Mo., 08.08.16 | 04:50 Uhr
Das Erste
Belgien – Sightseeing in Molenbeek?
Wo früher niemand hingeschaut hat, schlendern jetzt Touristen. Stadtführer Erik Nobles bietet Rundgänge an durch das berüchtigte Molenbeek. Er kann sich kaum retten vor Anfragen aus aller Welt. "Leute lieben es, ein bisschen Angst zu haben – gerade wenn es eigentlich nicht gefährlich ist. Ein bisschen Horrortourismus gibt es. Ich habe in diesem Teil von Brüssel jetzt viel mehr Führungen bekommen. Das ist so das neue Viertel, wo man sein will. So Horrortourismus."
Das Terrornest Molenbeek
Führung durch das Terrornest – Terrornest so haben die Medien Molenbeek getauft. Inga aus Polen oder Ali aus Italien sind dabei. Moderne junge Leute, sozial engagiert und neugierig. Bunt ist es in Molenbeek, exotisch, im besten Fall Multikulti – doch nur jeder zweite hat Arbeit, Kriminalität gehört zum Alltag. Keine Städtereise wie jede andere. "Sicher. Am Anfang hatte jeder von uns Angst hierher zu kommen. Aber jetzt wo wir hier sind, merke ich wir müssen uns nicht fürchten, die Menschen hier sind nicht so schlecht, wie man denkt", erzählt der Tourist Ali Razar. Inga Koralewska fügt hinzu: "Auf der Tour gab es eine komische Situation. Mir hat jemand zugewunken und dann hat er gerufen. Hi, hier gibt es keine Terroristen."

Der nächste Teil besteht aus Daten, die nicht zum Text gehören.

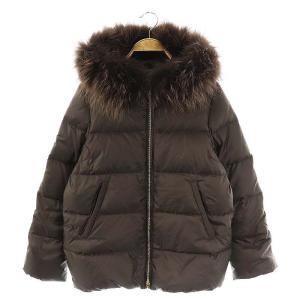 西川ダウン ダウンジャケット ラクーンファー フード 36 茶 /MI OS
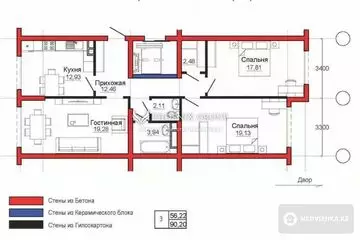 3-комнатная квартира, этаж 6 из 7, 90 м²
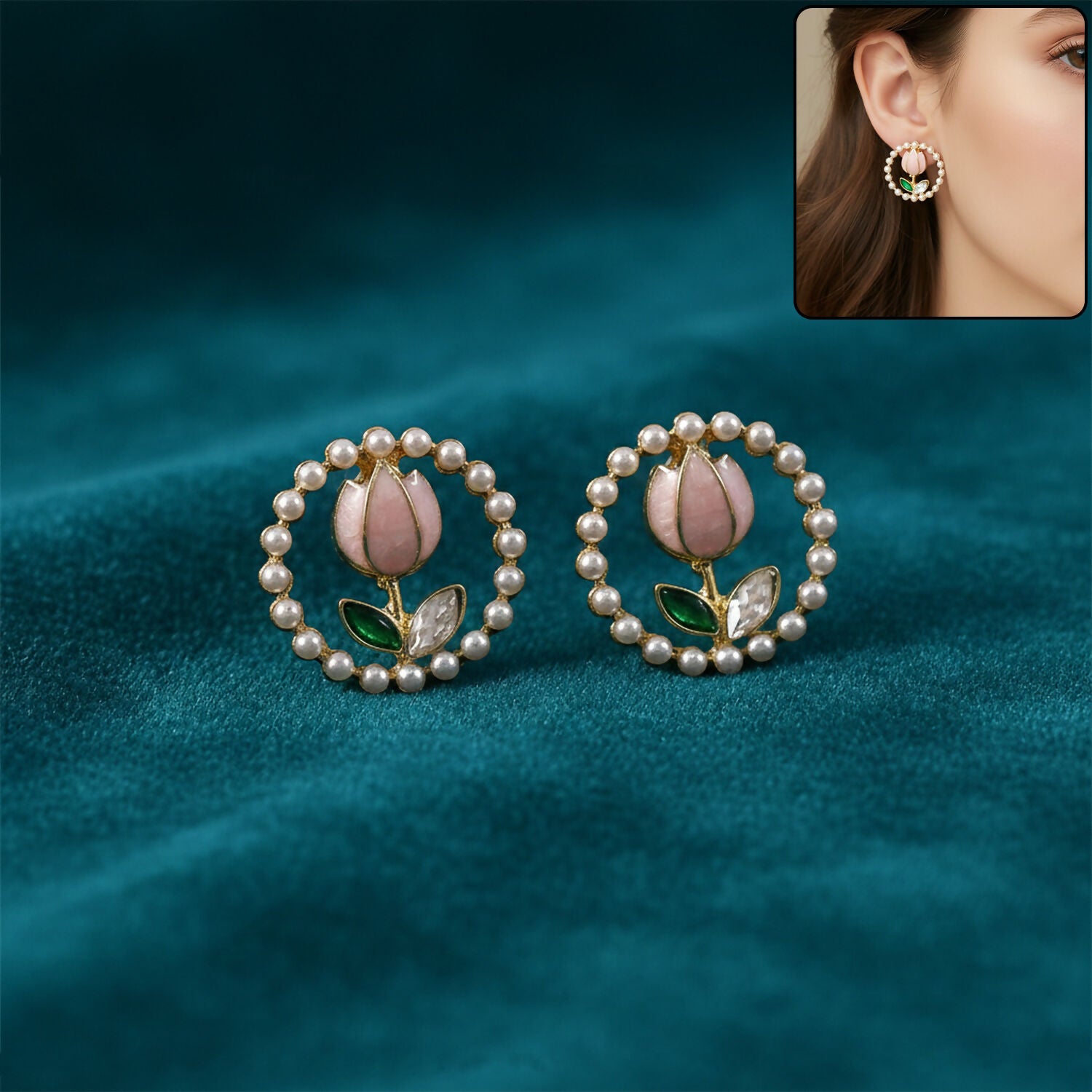 Korean Pearl Floral Stud Earrings – Elegant Rose Design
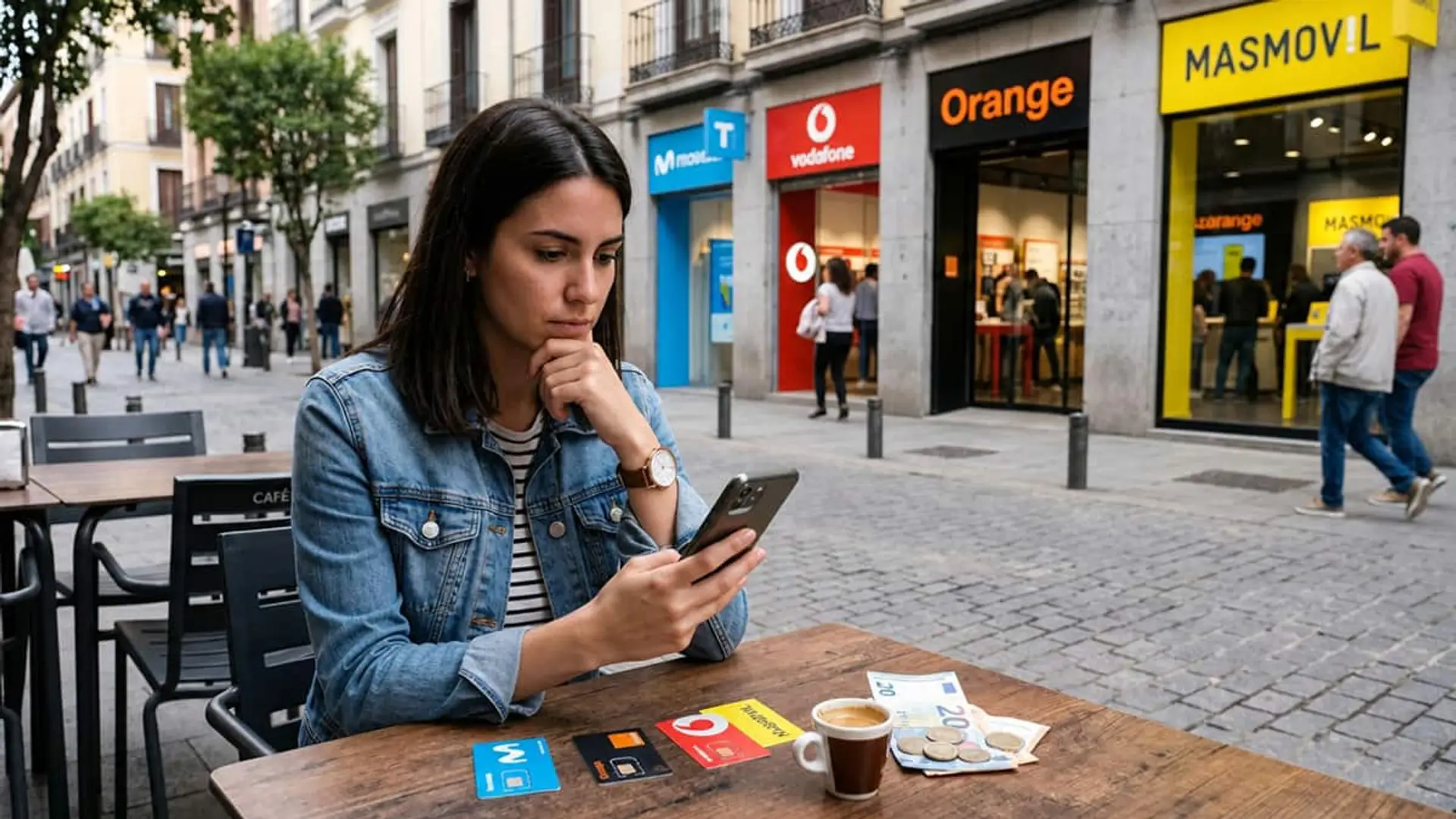 Mujer consultando el móvil en una terraza, con tarjetas SIM, monedas y billetes sobre la mesa y varias tiendas de operadoras al fondo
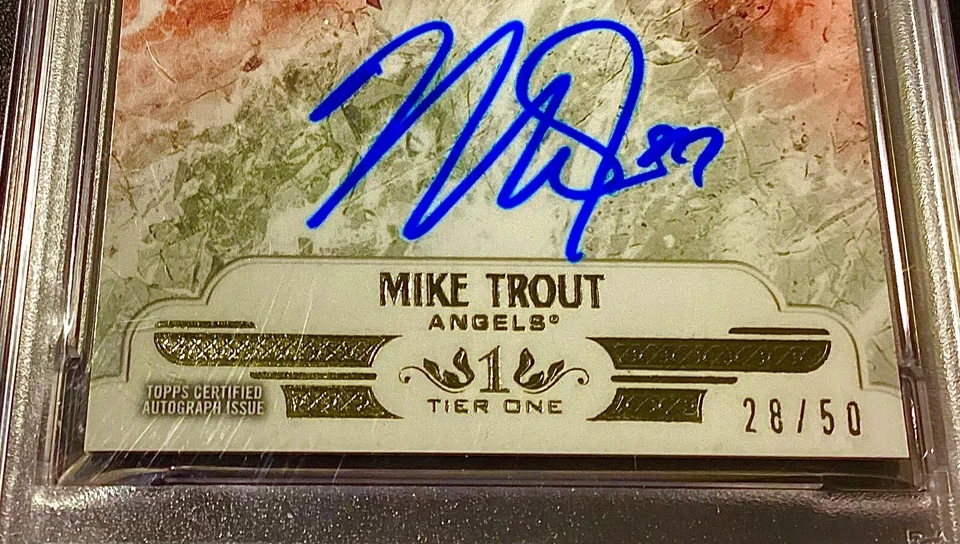 Mike Trout Autograph PSA Mint SP 2016 Topps Tier One 28/50 Serial Numbered Auto - Image 2 of 4
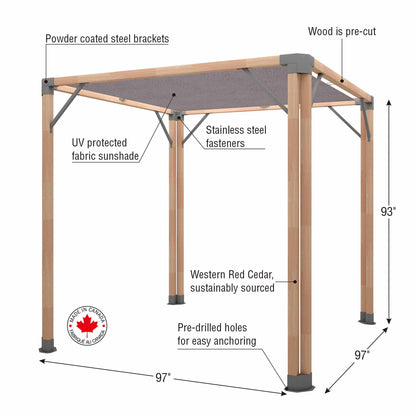 Bali 8 x 8’ Cedar Pergola - Easy to Assemble. Western Red Cedar, Sunshade Canopy, Sustainably Sourced, Made in Canada. Perfect for Patio, Deck or Backyard.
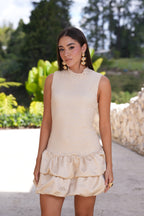 Vestido Mini Encaje Marfil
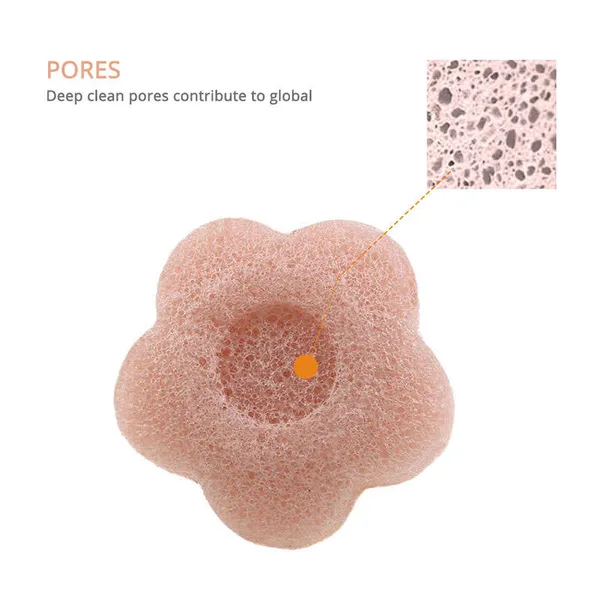 Detailed view of the blossom shaped konjac sponge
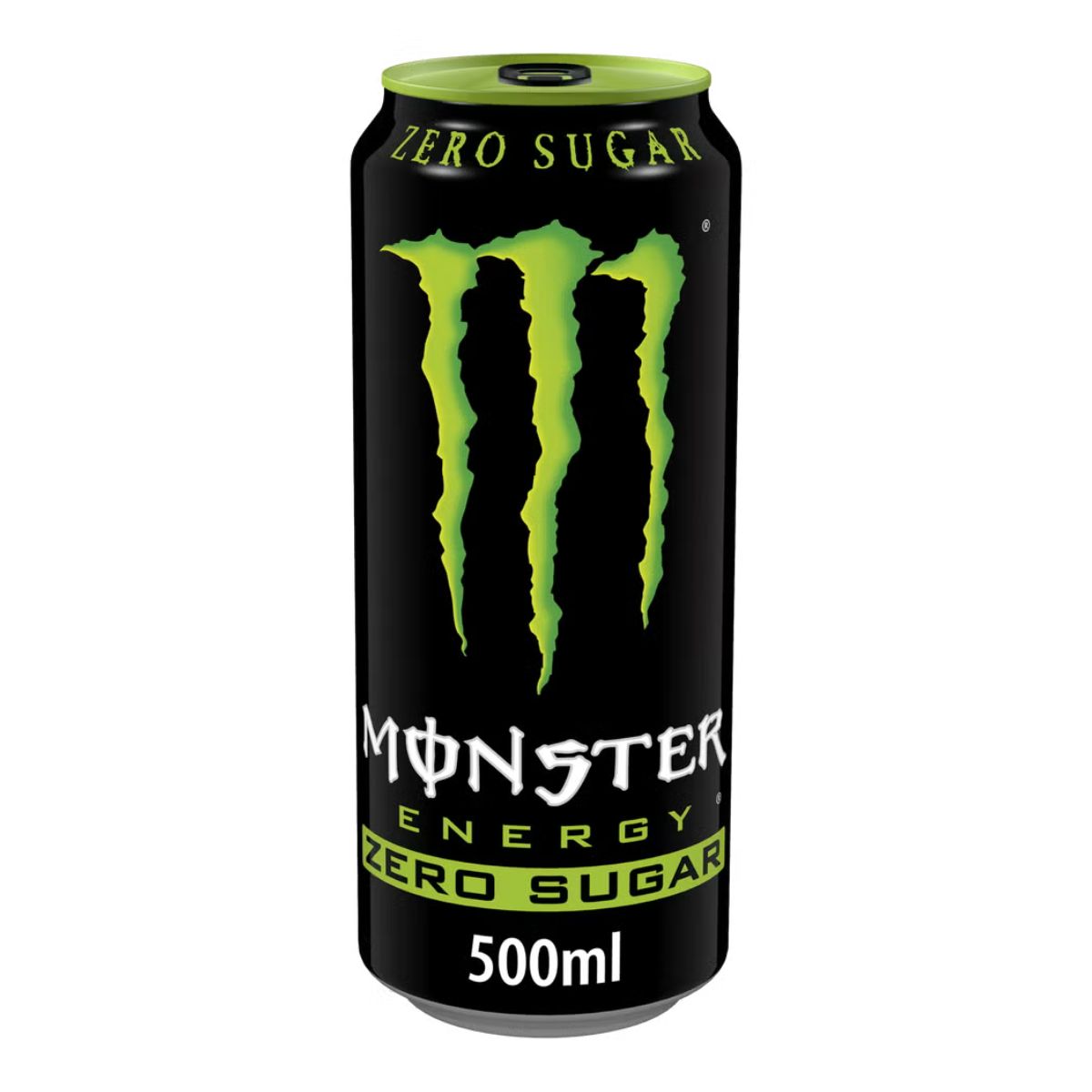 Monster Zero Sugar 12 x 500ml PM features cans with a black background, green logo, and white zero sugar text—perfect for those seeking wholesale energy drinks.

Sightseeing mit Gruselfaktor
In der Nachbarstraße gab es aber Terroristen. In diesem Haus hatte sich der Paris-Attentäter Salah Abdeslam versteckt – hier wurde er bei einer Großrazzia festgenommen. Sightseeing mit Gruselfaktor. Für die Molenbeeker könnte der Imageschaden nicht größer sein. Karim Naciri, zum Beispiel, Belgier mit marrokanischen Wurzeln. Der 18jährige liebt seinen Stadtteil, hält Molenbeeker Alltagsszenen in seinem Zeichenheft fest. Dass mehr Reisegruppen kommen stört ihn nicht, und der Terrortourismus? "Also ganz ehrlich, den finde ich überhaupt nicht gut. Was soll das bringen? Wenn sie unsere Sehenswürdigkeiten anschauen wollen, unsere Stadt, ok, aber dahin zu gehen, wo die Razzien waren, wo alles passiert ist, was bringt denn das? Das ist nutzlos und dumm", findet Karim Naciri.
Kameras ist man in Molenbeek mittlerweile gewöhnt. Auch Karim und seine Freunde wurden schon fotografiert von japanischen Touristen, erzählt er. Unsere Reisegruppe geht nicht dorthin, wo man die Terroristen festgenommen hat. Darauf achtet ihr Reiseführer und er schärft ihnen ein, Abstand zu halten. "Der Mensch hinter dem Fotoapparat ist doch immer stärker, als der Mensch, von dem er das Bild nimmt. Lieber keine Fotografie, denn wenn man von jemandem ein Bild nimmt, muss man nach einer Genehmigung fragen", sagt Erik Nobles.
Molenbeek – das berühmt berüchtigte Migrantenghetto. Die Heimat der belgischen IS-Terroristen scheint auf einmal hip zu werden – zumindest für manche Besucher auf der Suche nach dem neuen Kick.